Stéphane Crety est un auteur qui n’a pas sa langue dans sa poche. Son franc-parlé n’a d’égal que son talent, nous l’avons rencontré pour parler BD, Comics, de l’avenir de Masqué, de la condition d’auteur, de BD et de ses pairs.

Salut Stéphane, merci pour cette interview exclusive pour Comics Place.

Comics Place : Première question : il est sympa Guy Delcourt ?
Stéphane Créty : Guy n’est pas sympa. Guy est immanent. Il flotte , il lévite, il nous touche les écrouelles et nous lui relèchons les orteils en signe de soumission.

Masqué tome 4 sort le 3 avril, quel souvenirs gardes-tu de la collaboration avec Serge Lehman et Julien Hugonnard Bert ?
L’enfer. Mais le pire, c’est qu’en en redemande. La conception de ces 4 albums en un an et demi n’a pas été un long fleuve tranquille. Tant mieux, il n’y a rien de plus chiant que les longs fleuves tranquilles.

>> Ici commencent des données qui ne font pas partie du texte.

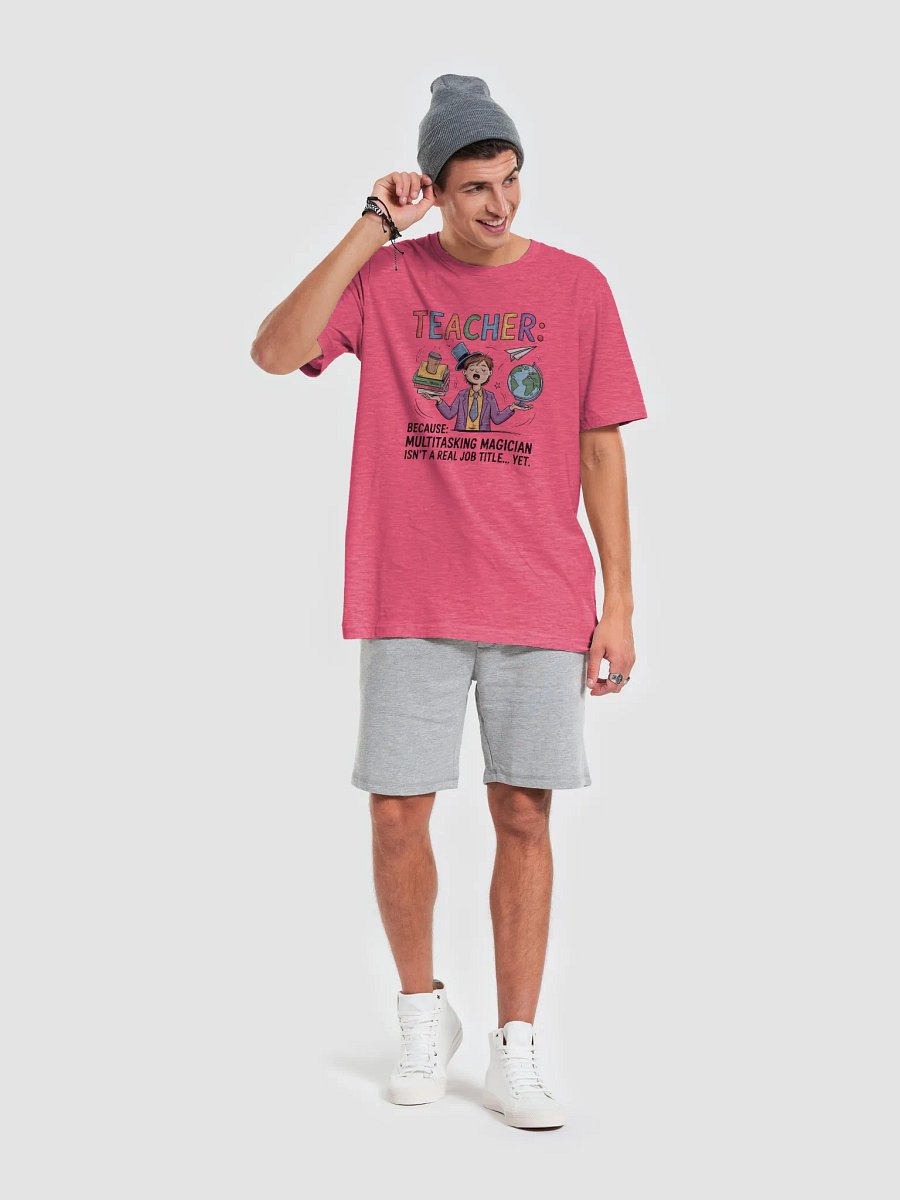 Multi-Tasking Teacher — Classroom Hero T-shirt product image (6)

Comment un projet comme Masqué est-il accueilli par les libraires, les lecteurs, les autres éditeurs et le milieu de la BD Franco-Belge qui publie depuis 10 ans des hersatz de Largo Winch, des BD de papa, et des BD « gros-nez » ?
Tu es mauvaise langue, va te laver la bouche au savon noir. Non, plus sérieusement, la france est le seul pays à offrir une telle pluralité d’ouvrage de bd. Ce foutu pays s’ouvre à toutes les influences et c’est tant mieux. Maintenant, si il y a conservatisme, c’est du côté du lectorat. Pour en témoigner il suffit de regarder le top ten des ventes, et l’on distinguera que les 3 quarts des heureux élus sont des bds nées il y a plus de 20 ans. Tout à fait honorable, mais désespérant quand on essaie d’impulser de nouveaux courants, ou plus modestement, de nouveaux projets…..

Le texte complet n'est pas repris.